◆ Instructions to follow ◆
The lines from the one containing "In this video, we" to the end of the entries, both included, are what you need to transcribe exactly, without pictures and without anything else.
Information provided Block Start
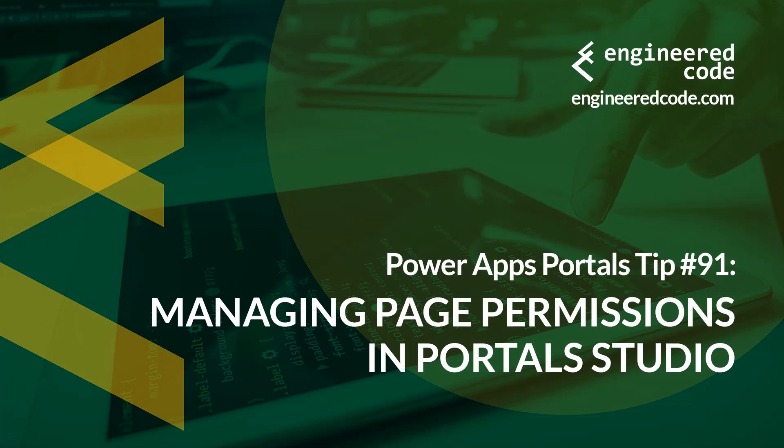Thanks for watching, and I hope you found the Power Apps Portal's tip number 91 on managing page permissions in Portal Studio useful.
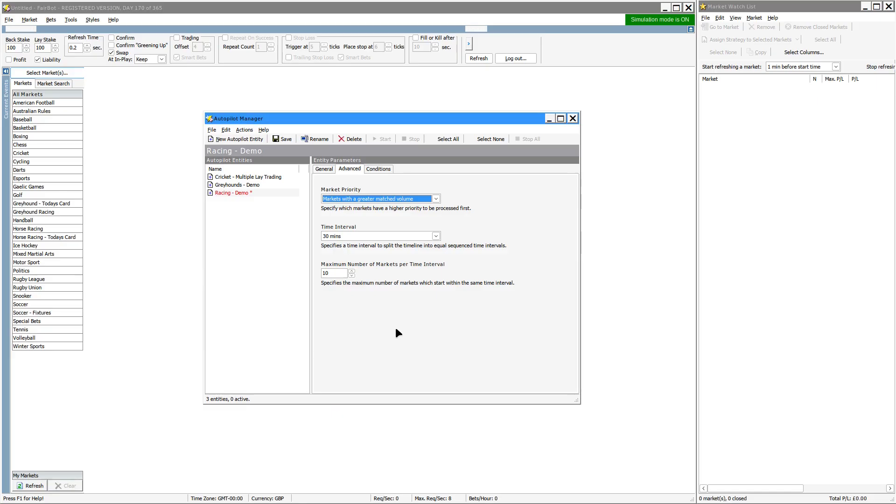So in essence, what it's doing is periodically in set time frames it checks to see if there's any upcoming markets that qualify and adds them into the market watch list. And it does that throughout the day.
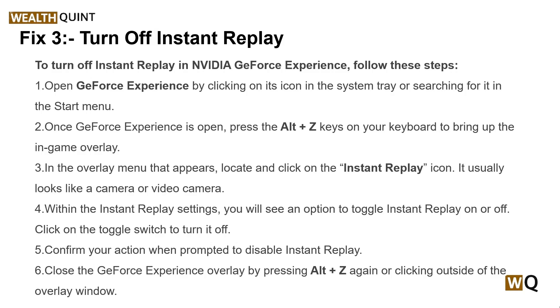Click on the toggle switch to turn it off. Confirm your action when prompted to disable Instant Replay, then close the GeForce Experience overlay by pressing Alt+Z again or clicking outside of the overlay window.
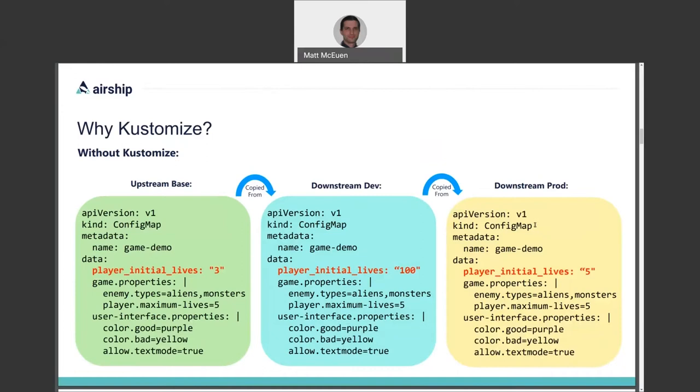And in our development environment, we want to start the user with 100 lives to make testing easy. The straightforward approach would be to take the upstream config map and make one copy for dev and one for production. But now, of course, any changes that are made upstream are missed downstream and any changes you make to dev are missed in prod, unless you copy configuration on an ongoing basis, which can be considerably time-consuming and error-prone.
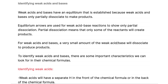In this video, we are going to be looking at identifying weak acids and bases. Weak acids and bases have an equilibrium that is established because weak acids and bases only partially dissociate to make products. Equilibrium arrows are used for weak acid-base reactions to show only partial dissociation. Partial dissociation means that only some of the reactants will create products.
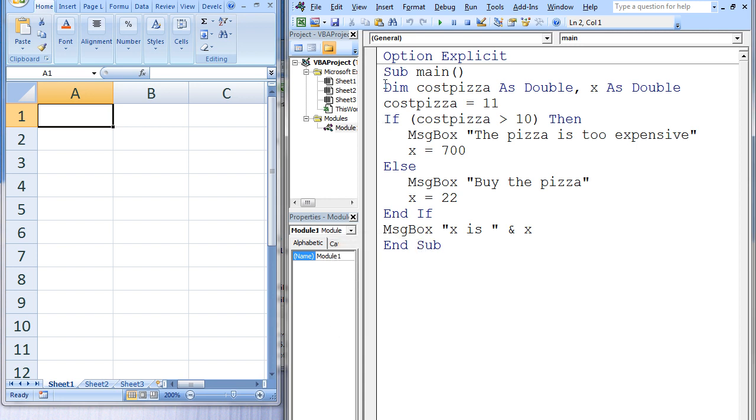The variables costPizza and x are given double data types, and costPizza is assigned the value 11. CostPizza is a variable that will store the price of a pizza, and x is a variable that is used to help demonstrate how if-then-else structures work. There is a test condition at the beginning of the if-then-else structure. Is costPizza greater than 10? Is 11 greater than 10? True, so all statements between the if and else are executed.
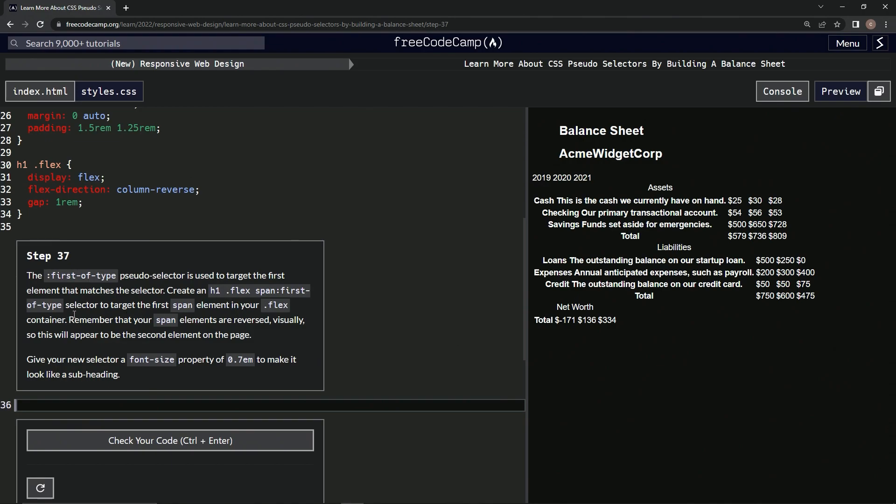Remember that our span elements are reversed visually, so this will appear to be the second element of the page, so this one right here.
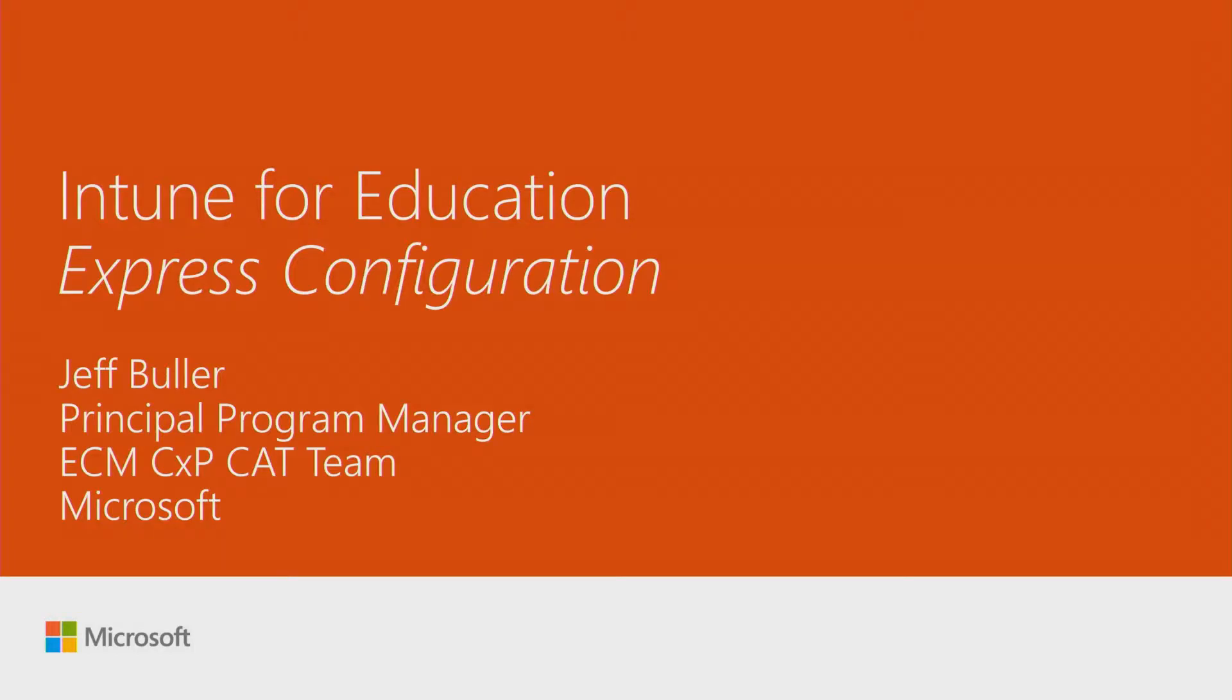Hi, I'm Jeff Boller, Program Manager in the Intune Priority Group, and this session is Intune for Education Express Configuration.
Information provided Block End
◆ Answer ◆
In this video, we are going to be looking at identifying weak acids and bases. Weak acids and bases have an equilibrium that is established because weak acids and bases only partially dissociate to make products. Equilibrium arrows are used for weak acid-base reactions to show only partial dissociation. Partial dissociation means that only some of the reactants will create products.
The variables costPizza and x are given double data types, and costPizza is assigned the value 11. CostPizza is a variable that will store the price of a pizza, and x is a variable that is used to help demonstrate how if-then-else structures work. There is a test condition at the beginning of the if-then-else structure. Is costPizza greater than 10? Is 11 greater than 10? True, so all statements between the if and else are executed.
Remember that our span elements are reversed visually, so this will appear to be the second element of the page, so this one right here.
Hi, I'm Jeff Boller, Program Manager in the Intune Priority Group, and this session is Intune for Education Express Configuration.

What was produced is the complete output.